T.R | Title | User | Personal Name | Date | Lines |
---|
143.1 | Check Quotas, Specify Needed Quotas on RUN/DETACH... | XDELTA::HOFFMAN | Steve, OpenVMS Engineering | Wed Feb 05 1997 10:03 | 15 |
|
As I'd expect the code should hang only on a quota problem, I'd guess
this is quota-related. (I'd not expect the call to *hang* otherwise
-- most other causes should cause a complete failure of the call. The
quota failure could be a result of different settings of PQL-related
SYSGEN parameters, or a result of even a slight change in OpenVMS and/or
application requirements on the new OpenVMS release.)
Examples of the open call and the RUN/DETACH, please?

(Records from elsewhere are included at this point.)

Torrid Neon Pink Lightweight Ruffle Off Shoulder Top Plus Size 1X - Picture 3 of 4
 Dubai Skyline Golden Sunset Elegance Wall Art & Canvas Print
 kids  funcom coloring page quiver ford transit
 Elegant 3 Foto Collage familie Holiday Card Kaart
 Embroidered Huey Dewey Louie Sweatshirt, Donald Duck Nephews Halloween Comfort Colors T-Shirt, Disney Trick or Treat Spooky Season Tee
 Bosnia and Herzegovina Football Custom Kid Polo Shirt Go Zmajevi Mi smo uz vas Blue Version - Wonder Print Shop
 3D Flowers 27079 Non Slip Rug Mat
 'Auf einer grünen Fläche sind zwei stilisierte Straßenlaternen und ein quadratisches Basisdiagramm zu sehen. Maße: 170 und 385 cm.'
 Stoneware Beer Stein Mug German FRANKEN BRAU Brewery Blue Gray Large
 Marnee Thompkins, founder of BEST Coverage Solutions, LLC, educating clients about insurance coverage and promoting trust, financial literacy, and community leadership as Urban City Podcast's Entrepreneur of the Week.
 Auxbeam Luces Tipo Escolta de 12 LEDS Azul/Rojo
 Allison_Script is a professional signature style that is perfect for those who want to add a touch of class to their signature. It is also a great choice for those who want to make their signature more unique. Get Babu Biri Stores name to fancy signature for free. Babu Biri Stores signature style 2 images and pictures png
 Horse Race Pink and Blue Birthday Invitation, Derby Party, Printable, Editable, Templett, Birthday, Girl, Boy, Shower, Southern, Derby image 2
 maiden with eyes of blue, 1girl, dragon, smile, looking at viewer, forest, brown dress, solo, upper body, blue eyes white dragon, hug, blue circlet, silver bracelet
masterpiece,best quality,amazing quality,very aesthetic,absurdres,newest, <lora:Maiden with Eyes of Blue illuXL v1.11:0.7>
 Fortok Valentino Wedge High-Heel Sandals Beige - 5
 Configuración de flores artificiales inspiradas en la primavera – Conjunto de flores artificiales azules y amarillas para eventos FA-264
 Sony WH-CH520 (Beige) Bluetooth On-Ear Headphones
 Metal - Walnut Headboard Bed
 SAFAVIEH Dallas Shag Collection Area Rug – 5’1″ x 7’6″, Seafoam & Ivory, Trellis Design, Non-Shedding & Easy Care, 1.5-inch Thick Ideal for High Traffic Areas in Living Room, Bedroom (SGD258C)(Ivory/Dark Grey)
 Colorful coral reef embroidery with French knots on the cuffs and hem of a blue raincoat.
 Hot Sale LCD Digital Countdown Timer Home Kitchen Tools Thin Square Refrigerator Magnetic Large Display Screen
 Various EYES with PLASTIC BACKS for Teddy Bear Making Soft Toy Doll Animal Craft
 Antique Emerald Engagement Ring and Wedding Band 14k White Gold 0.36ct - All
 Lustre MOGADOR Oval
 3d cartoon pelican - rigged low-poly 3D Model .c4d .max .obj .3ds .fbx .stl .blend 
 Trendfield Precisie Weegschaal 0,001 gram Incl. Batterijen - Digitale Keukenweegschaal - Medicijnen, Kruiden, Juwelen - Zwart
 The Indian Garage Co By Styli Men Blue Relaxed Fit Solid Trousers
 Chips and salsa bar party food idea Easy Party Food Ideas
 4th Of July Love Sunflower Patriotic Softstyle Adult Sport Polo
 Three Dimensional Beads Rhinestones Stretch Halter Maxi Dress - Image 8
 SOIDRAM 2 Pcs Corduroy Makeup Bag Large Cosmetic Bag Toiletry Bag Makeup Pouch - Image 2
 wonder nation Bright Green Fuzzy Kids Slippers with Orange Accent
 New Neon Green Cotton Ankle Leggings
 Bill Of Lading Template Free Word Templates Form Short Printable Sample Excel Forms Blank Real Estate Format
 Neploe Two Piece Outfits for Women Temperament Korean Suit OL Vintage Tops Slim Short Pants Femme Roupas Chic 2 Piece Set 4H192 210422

(If you are not including a list of quotas on the RUN/DETACH command,
the detached process will be entirely dependent on the vagaries of the
local system configuration. I don't recommend depending on SYSGEN
defaults on RUN/DETACH, on $crembx, etc -- this dependence can cause
transient or isolated failures, failures that can be hard to debug.)
|
143.2 | Nothing fancy here... | CHEFS::WILLIAMSA | I wanna be Luke | Wed Feb 05 1997 11:02 | 78 |
| Steve,
The following is the extract of code that is having the problem...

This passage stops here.